Print the data exactly as written, line for line, and leave its pictures behind.

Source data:
■ ■ ■
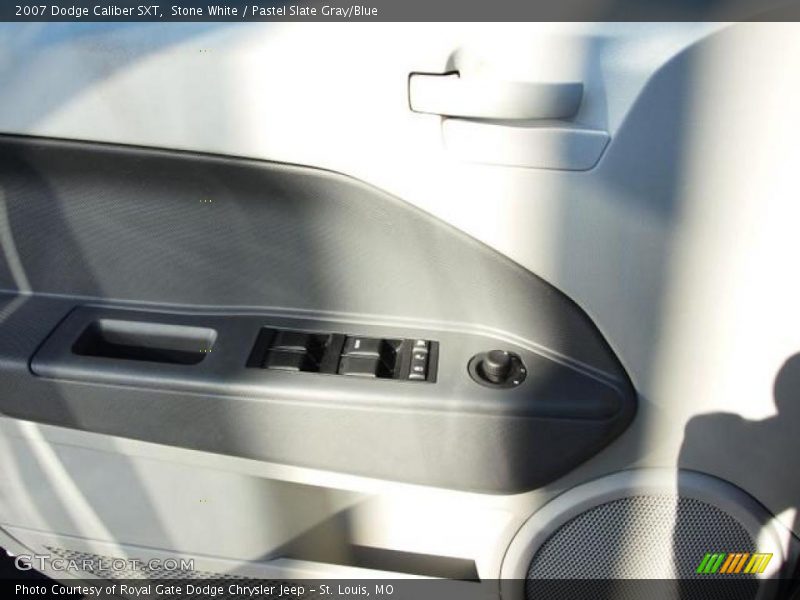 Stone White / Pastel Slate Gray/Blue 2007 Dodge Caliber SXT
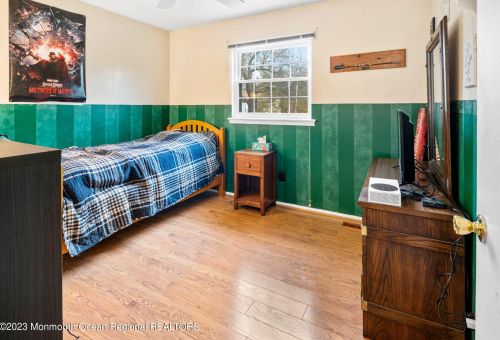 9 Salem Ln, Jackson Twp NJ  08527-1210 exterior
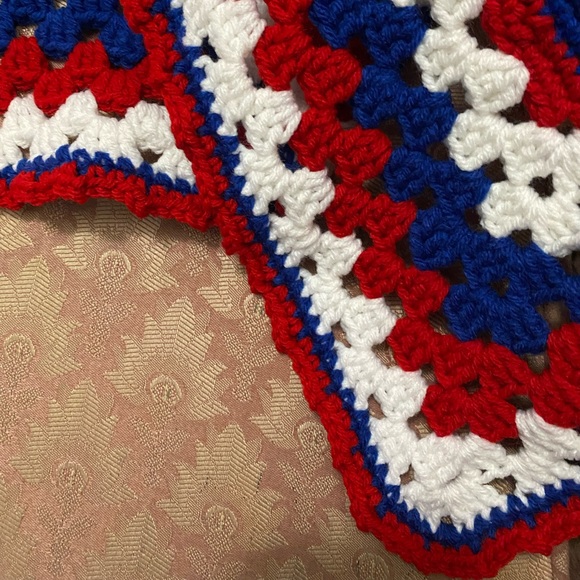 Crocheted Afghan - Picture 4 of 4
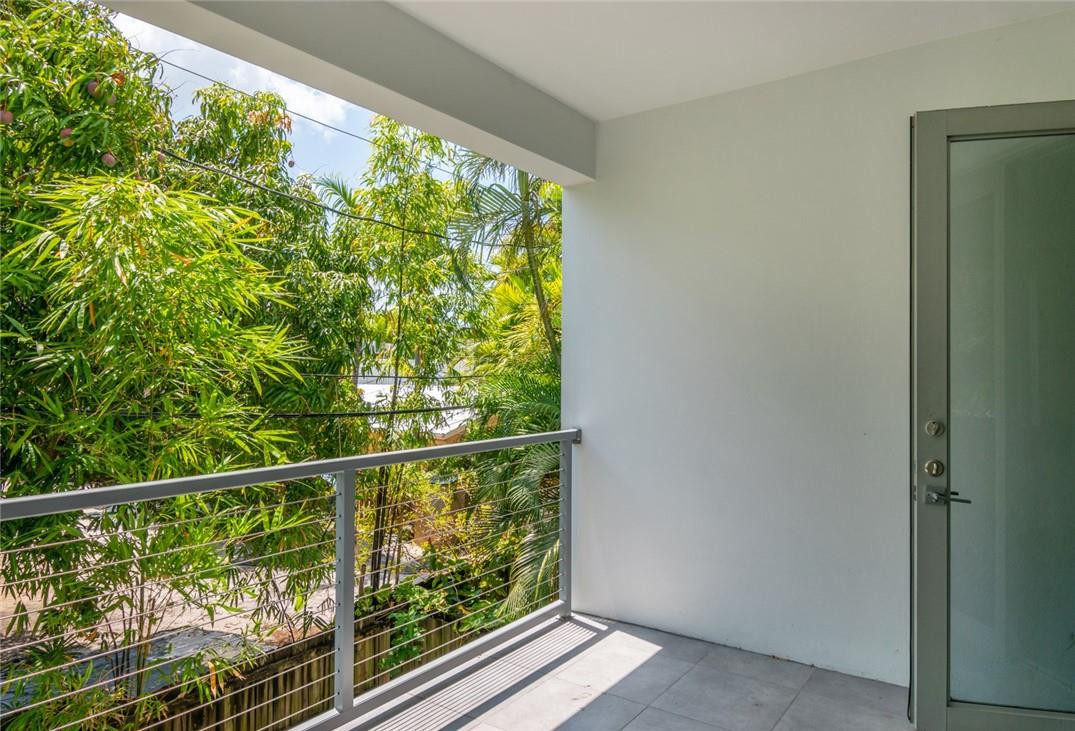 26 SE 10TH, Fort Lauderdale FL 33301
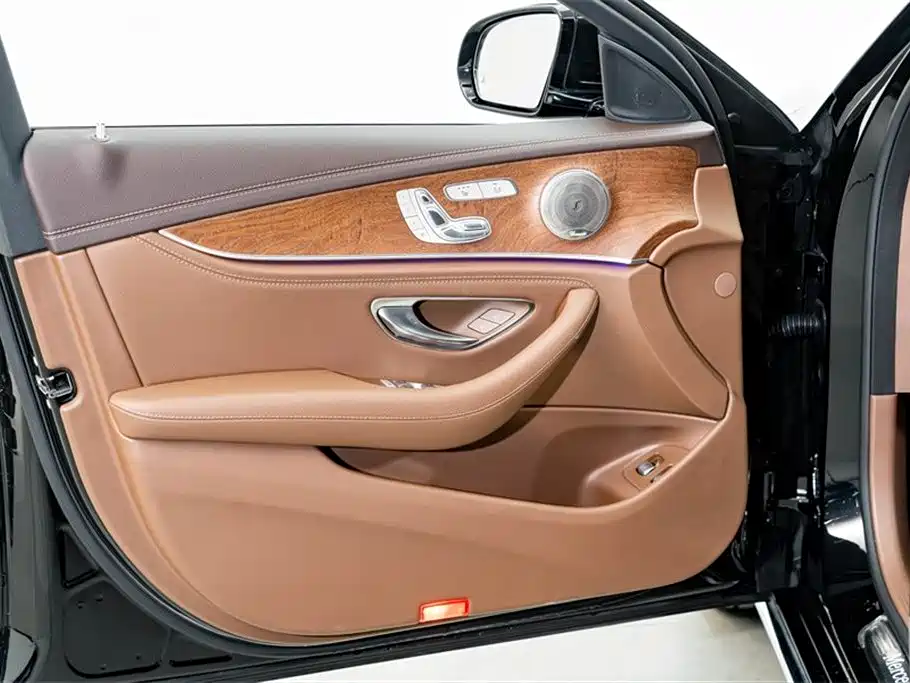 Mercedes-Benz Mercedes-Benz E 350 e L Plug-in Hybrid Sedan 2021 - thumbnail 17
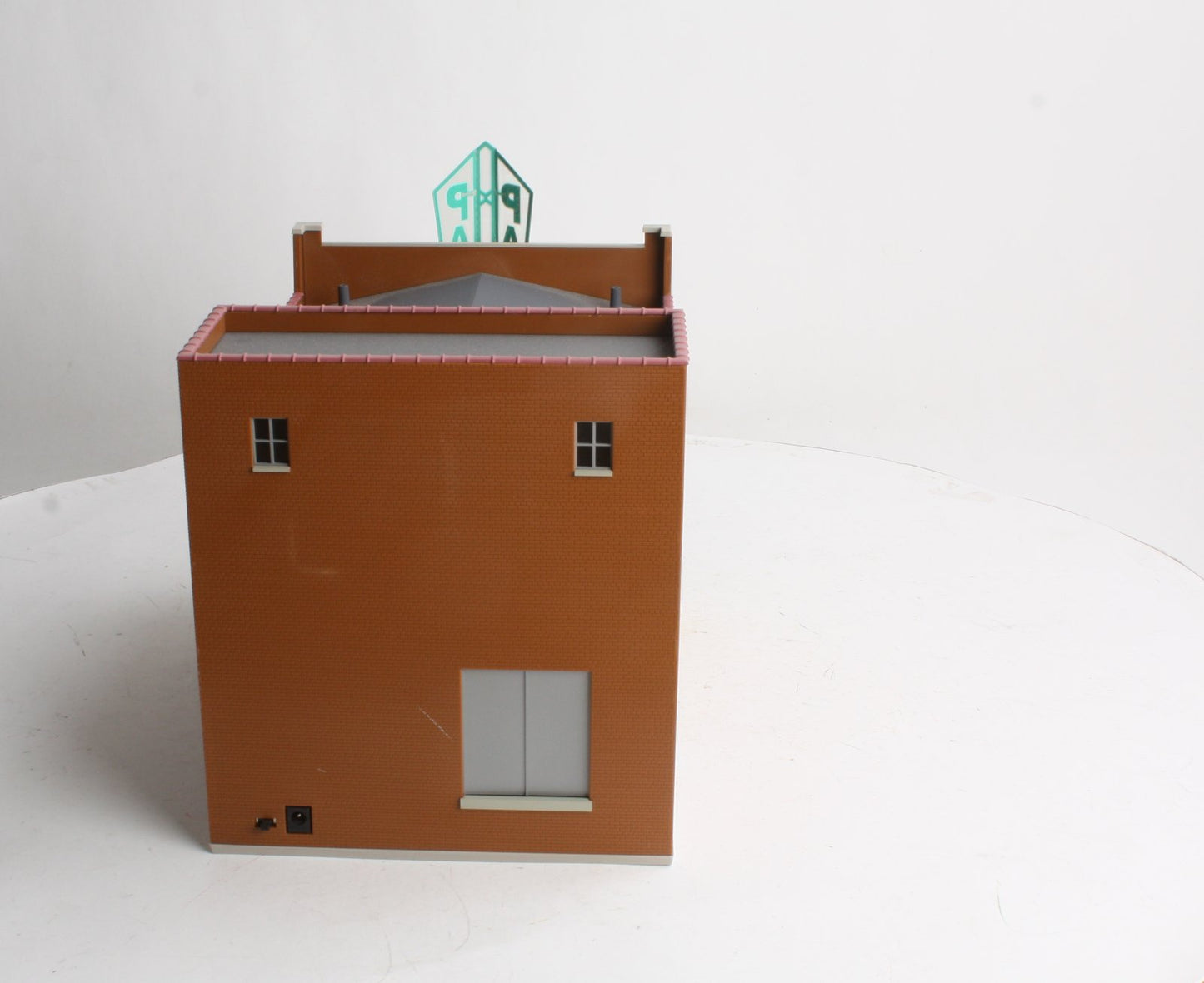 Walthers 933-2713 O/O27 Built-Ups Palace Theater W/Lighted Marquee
■ ■ ■
### ANSWER TO THE PROBLEM
 Stone White / Pastel Slate Gray/Blue 2007 Dodge Caliber SXT
 9 Salem Ln, Jackson Twp NJ  08527-1210 exterior
 Crocheted Afghan - Picture 4 of 4
 26 SE 10TH, Fort Lauderdale FL 33301
 Mercedes-Benz Mercedes-Benz E 350 e L Plug-in Hybrid Sedan 2021 - thumbnail 17
 Walthers 933-2713 O/O27 Built-Ups Palace Theater W/Lighted Marquee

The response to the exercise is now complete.